→ **YOUR GOAL**: Only the lines from the beginning of the data below through the line that contains "W.L. Weller Full Proof 750ML" should be repeated, exactly as written.

→ **INFORMATION SUPPLIED**:
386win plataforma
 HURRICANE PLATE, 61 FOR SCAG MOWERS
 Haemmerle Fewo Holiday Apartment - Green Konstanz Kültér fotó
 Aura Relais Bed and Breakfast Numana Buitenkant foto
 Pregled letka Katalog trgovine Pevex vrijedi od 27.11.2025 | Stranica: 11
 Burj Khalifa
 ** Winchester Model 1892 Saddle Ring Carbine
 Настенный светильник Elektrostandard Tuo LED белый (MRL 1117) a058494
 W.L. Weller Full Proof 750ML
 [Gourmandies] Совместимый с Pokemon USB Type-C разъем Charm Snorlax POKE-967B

→ **SOLUTION FOR THIS TASK**:
386win plataforma
 HURRICANE PLATE, 61 FOR SCAG MOWERS
 Haemmerle Fewo Holiday Apartment - Green Konstanz Kültér fotó
 Aura Relais Bed and Breakfast Numana Buitenkant foto
 Pregled letka Katalog trgovine Pevex vrijedi od 27.11.2025 | Stranica: 11
 Burj Khalifa
 ** Winchester Model 1892 Saddle Ring Carbine
 Настенный светильник Elektrostandard Tuo LED белый (MRL 1117) a058494
 W.L. Weller Full Proof 750ML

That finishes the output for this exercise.